By the final week of my detox, I found that my reliance on my phone had reduced a large amount and that social media had slowly begun to fade into the background, rather than feeling like an absolute necessity to my existence. Smartphones are a huge part of modern life and opening socials is something that we do on autopilot – but after a month, that urge had dulled somewhat, if not completely.


I began to feel more connected with my own life, and not as much with a virtual world that at times can feel like a bragging arena. I can safely say that my wellbeing took a huge boost as well, with some of the most positive outcomes being that I did not compare my own life to others as much, I engaged in other hobbies (including scrapbooking), and I felt more rested, both mentally and physically.


Lessons


Even by cutting down the time that you spend on social media or trying a week-long detox at a time, you could not only improve your mental health, but it could give you more energy and a more positive attitude.
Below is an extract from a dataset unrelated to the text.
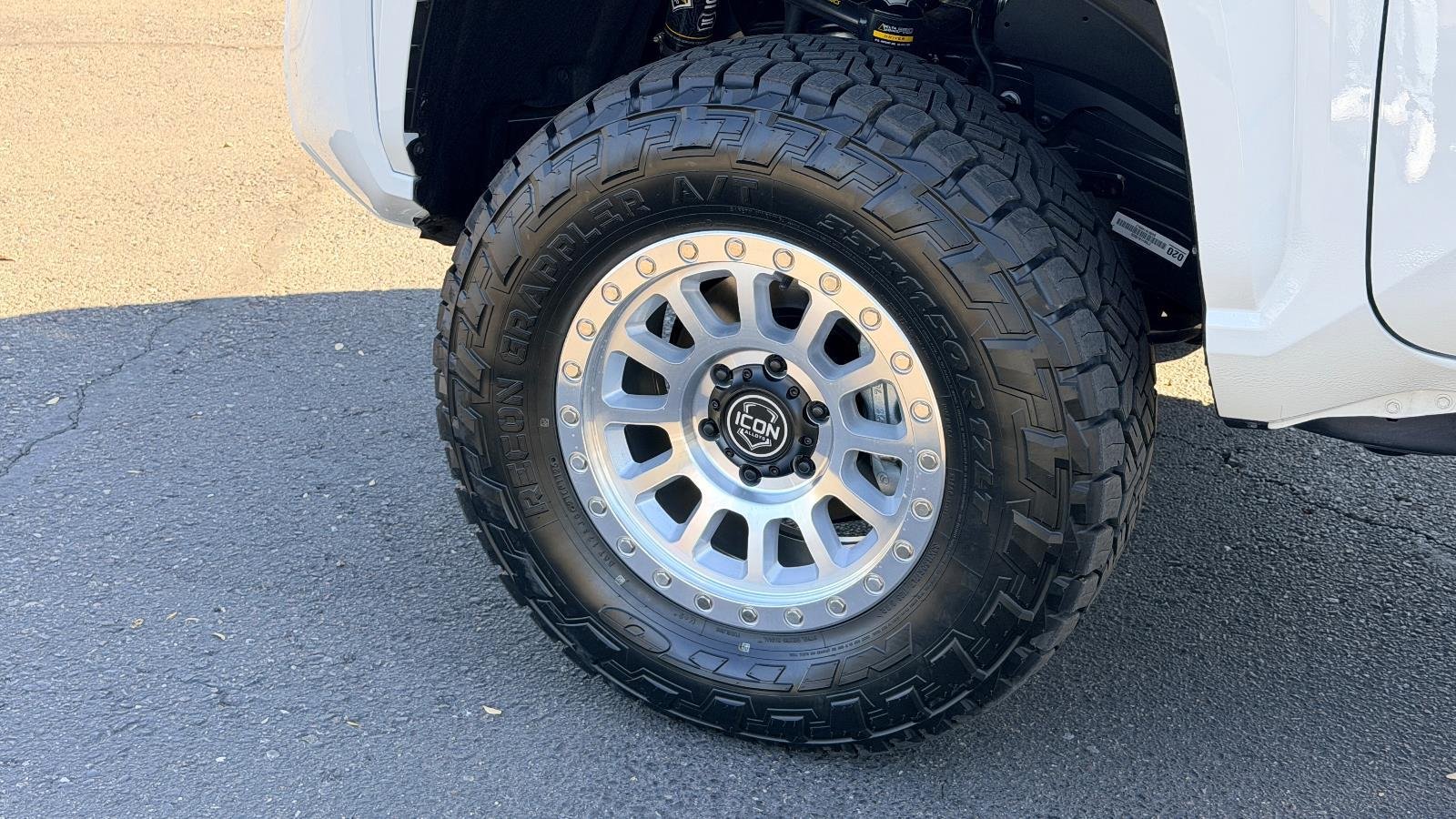 2025 Toyota Tacoma SR - Photo 20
Less time glued to our screens, including using Candy Crush(!), can promote our minds to flourish more organically, and can provide us with a much-needed mood boost.


Another suggestion that has an instant gratification is to assess the accounts that you follow online and remember that you do not have any moral obligation to follow them. If their content does not bring you joy or constantly causes you stress, remove and unfollow them! The dreaded feelings of disconnect and detachment are daunting elements for anyone trying to step away from social media and at first it can be very tempting to take a sneak peek back on socials. But after a surprisingly short amount of time, it does get easier, particularly if you ask yourself “do I really need to know?”



5 tips for refreshing your social media intake


So, with my own social media detox completed, what practical advice can I provide for anyone looking to do the same? Here are five top tips:

  1. Start by jotting down the positive and negative effects that social media has to your mental health – what changes could you make to improve to your experiences?

  2. Do a ‘spring clean’ by assessing the accounts that you follow and remove/unfollow anything that is no longer relevant or helpful to you

  3. Decide your own pace for a detox – some people can go completely cold turkey from apps, whereas others would need to cut down gradually or find a balance in-between

  4. Test out different methods of reducing your reliance on social media, such as only using socials for 1– 2 hours a day or only in the evenings, or even just replace time on your phone with another hobby such as reading, baking or exercise

  5. Finally, remember to be kind to yourself – most people use social media in their daily lives to some extent, but we all have the capability to gain more of a balanced relationship with it


It’s time for a detox!


A big change to the way you interact with social media could see you find more time for taking up a new hobby or revisiting one you had drifted away from. As technology becomes ever more prominent, it cannot be completely avoided – but giving yourself a break could be very valuable to your mental health. Try starting to treat social media more like a light snack, rather than a main course.